Something that I forgot to mention is that I did already implement the algorithm...and it works. So far I have only tested it on a file system of 1000 files, and tomorrow I am going to test it on our server which contains about 240000 files...we will see how it performs. I just want your input and thoughts on it. :-)
This has been done before. It's a type of pseudo-hashing. I can't remember the name of the algorithm at the moment.
Congrats on coming up with it yourself. Based on a few seconds of thinking, I would say the complexity is linear in the length of the string being matched and logarithmic in the number of files on the filesystem, given certain assumptions on the distribution of characters in filenames.
If the string being matched has n pairs of characters, an intersection of n lists will have to be performed. Linear time sounds fine here.
But given that there are m files in the filesystem, the average number of files in a list must be linear, because every file end up in at least one list so m/65536 is a lower bound on the average number of files in a list. I am not sure why this search could be logarithmic in the number of files.
When you calculate the intersection of two lists, you must at least look at every element in them, so linear time is required.
I don't know, maybe O(n*m).
Sounds like an incomplete trie, or perhaps an incomplete B-Tree. Simply put, it would work pretty much the same as those, but it doesn't scale, because your lookup structures are of fixed size. In other words, you get good performance for a few files (a hundred thousand perhaps) as long as they're evenly distributed. After that, the performance becomes indeed n*m - algorithmically speaking, no better than a linear search through an index.
Consider also that large file indexes don't fit into main memory and must be paged to disk. Linked lists don't page well. That's another scaling problem.
Also, your two separate indices seem somewhat strange. What you have is, basically, a 2d-array used as a lookup map, with the first character of the filename as the first index, the second as the second index. (By the way, what happens to files with names that are only one character long?) This is, essentially, the same as treating the first two characters as a 16-bit value and using it as an index into a 2^16 array.
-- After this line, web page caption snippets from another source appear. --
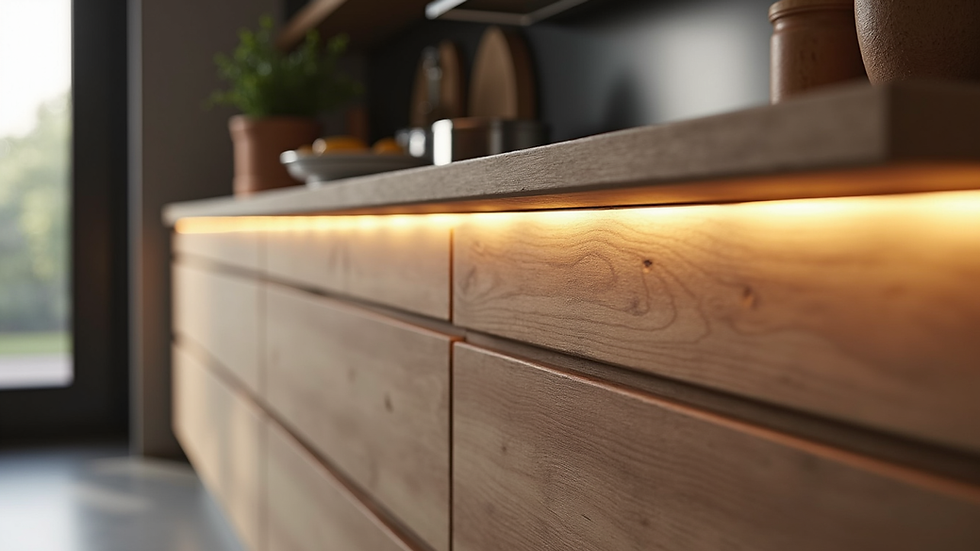 Plano detalle de isla de cocina con iluminación LED y acabados en madera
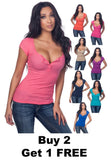Color Story Sexy Casual Cleavage Ribbed Henley Rhinestone Capsleeve Top Roses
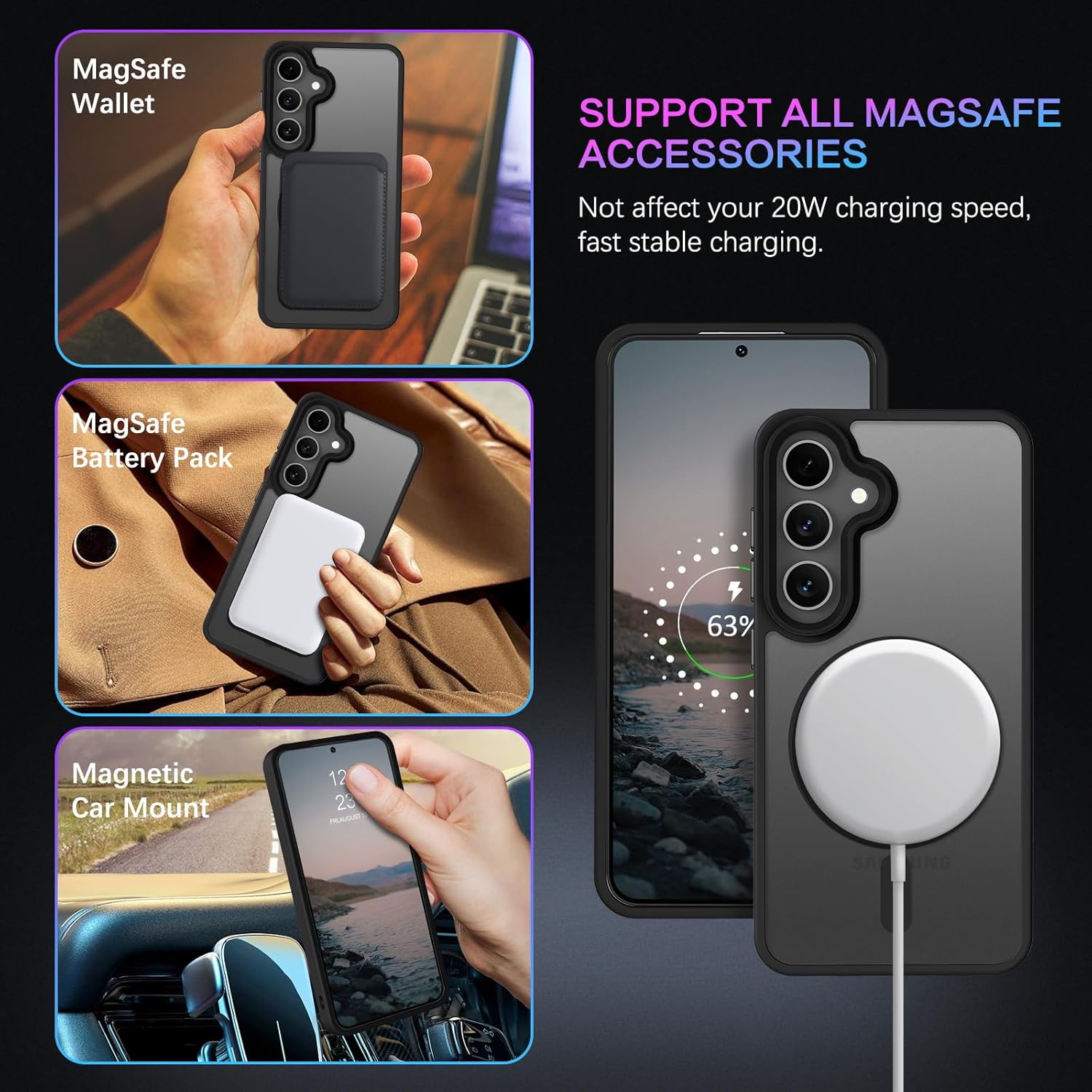 Coque hybride magnétique mate MagSafe pour Samsung Galaxy A16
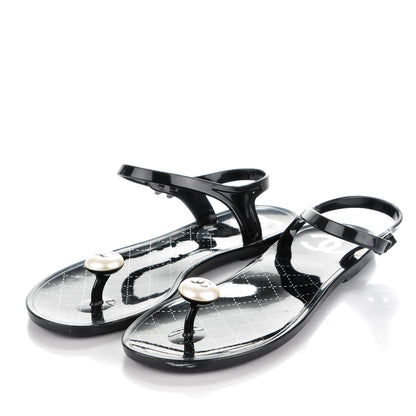 Chanel PVC CC Pearl Thong Sandals 41 3 of 8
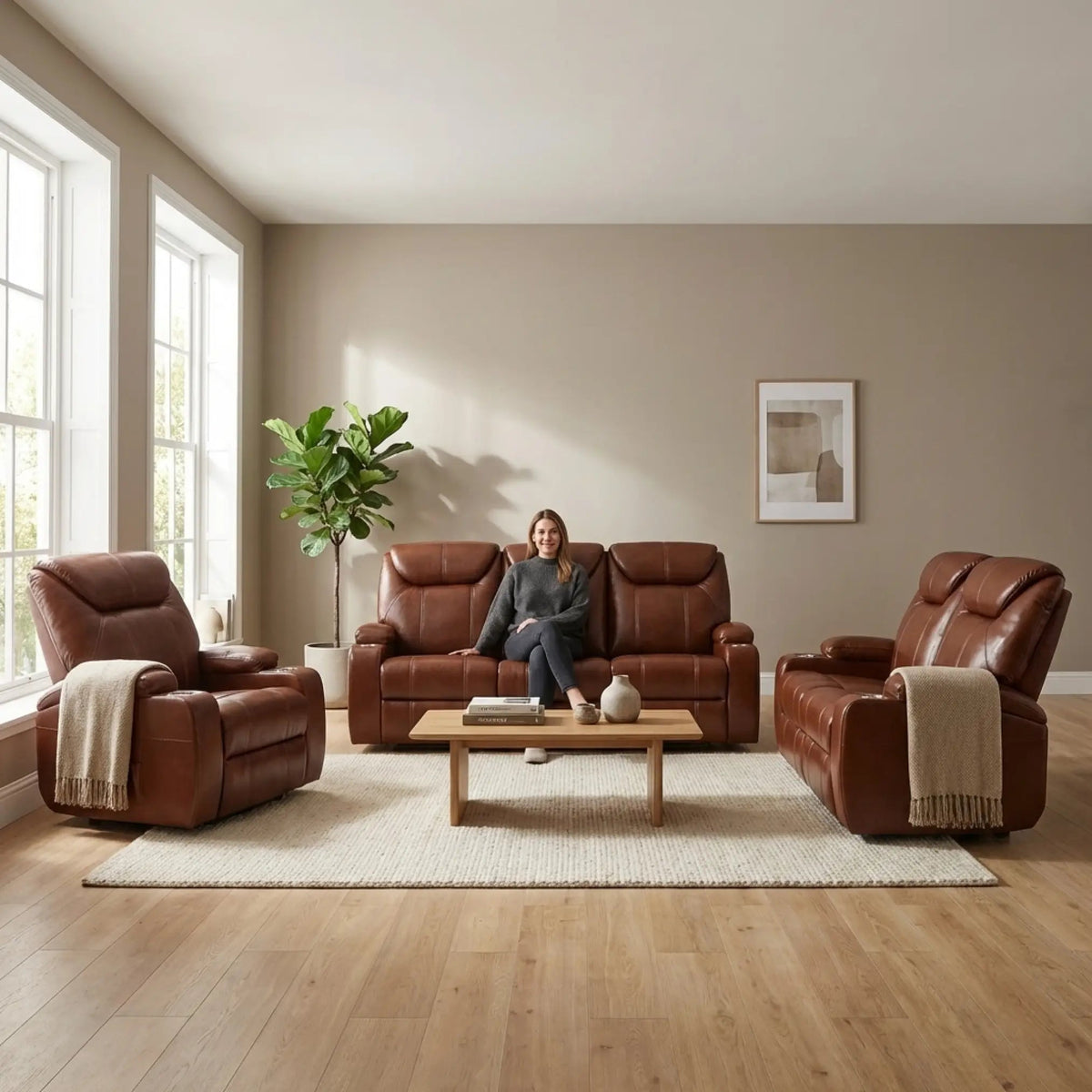 Cinema Tan Electric Leather 3+2+1 Seater Recliner Sofa Set With Two Cup Holders - Furniture Instore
From a completely linguistic point of view, your description of the structure is ... inaccurate, and thus hard to understand: keys don't contain values, they index them. A map is a container of key/value pairs that allows fast lookup of the key and the associated value.
Performing intersections isn't trivial, for each element you have to see if it exists in all other lists. A naive implementation will be O(k*n^2) where n is the number of elements in each list and k is the number of lists (minus one). You can do a lot better if the lists are sorted, but if not you'll pay k*n*log(n) to sort all k+1 lists. The table look-ups are constant time, the complexity will likely be dominated by your intersection algorithm.
I think you'd do better with indexing n-grams in a reverse look up (huge, but easy to partition into disk pages), or by using a tree structure like a suffix tree. As CornedBee mentions though, your biggest challenge will be effeciently accessing the index when it becomes too large to fit into memory.
Well I tested the search algorithm today on a large file system.
The file system has about 250,000 files on it.
A search takes approximately 1 minute 50 seconds to complete.
After much thinking and researching...the algorithm is incredibly slow and a linear search does much better.